_EXERCISE_. Please write out the records exactly.

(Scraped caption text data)
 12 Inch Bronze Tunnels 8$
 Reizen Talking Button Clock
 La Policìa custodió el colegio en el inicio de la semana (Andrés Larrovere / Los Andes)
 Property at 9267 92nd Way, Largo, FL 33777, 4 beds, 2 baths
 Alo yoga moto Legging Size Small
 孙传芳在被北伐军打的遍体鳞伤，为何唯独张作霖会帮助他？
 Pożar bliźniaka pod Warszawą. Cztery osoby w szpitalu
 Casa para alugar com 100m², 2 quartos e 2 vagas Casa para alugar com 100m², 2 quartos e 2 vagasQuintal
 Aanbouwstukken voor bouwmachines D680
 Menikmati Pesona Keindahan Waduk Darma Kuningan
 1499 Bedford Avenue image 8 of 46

_SOLUTION FOR THIS PROBLEM_.
 12 Inch Bronze Tunnels 8$
 Reizen Talking Button Clock
 La Policìa custodió el colegio en el inicio de la semana (Andrés Larrovere / Los Andes)
 Property at 9267 92nd Way, Largo, FL 33777, 4 beds, 2 baths
 Alo yoga moto Legging Size Small
 孙传芳在被北伐军打的遍体鳞伤，为何唯独张作霖会帮助他？
 Pożar bliźniaka pod Warszawą. Cztery osoby w szpitalu
 Casa para alugar com 100m², 2 quartos e 2 vagas Casa para alugar com 100m², 2 quartos e 2 vagasQuintal
 Aanbouwstukken voor bouwmachines D680
 Menikmati Pesona Keindahan Waduk Darma Kuningan
 1499 Bedford Avenue image 8 of 46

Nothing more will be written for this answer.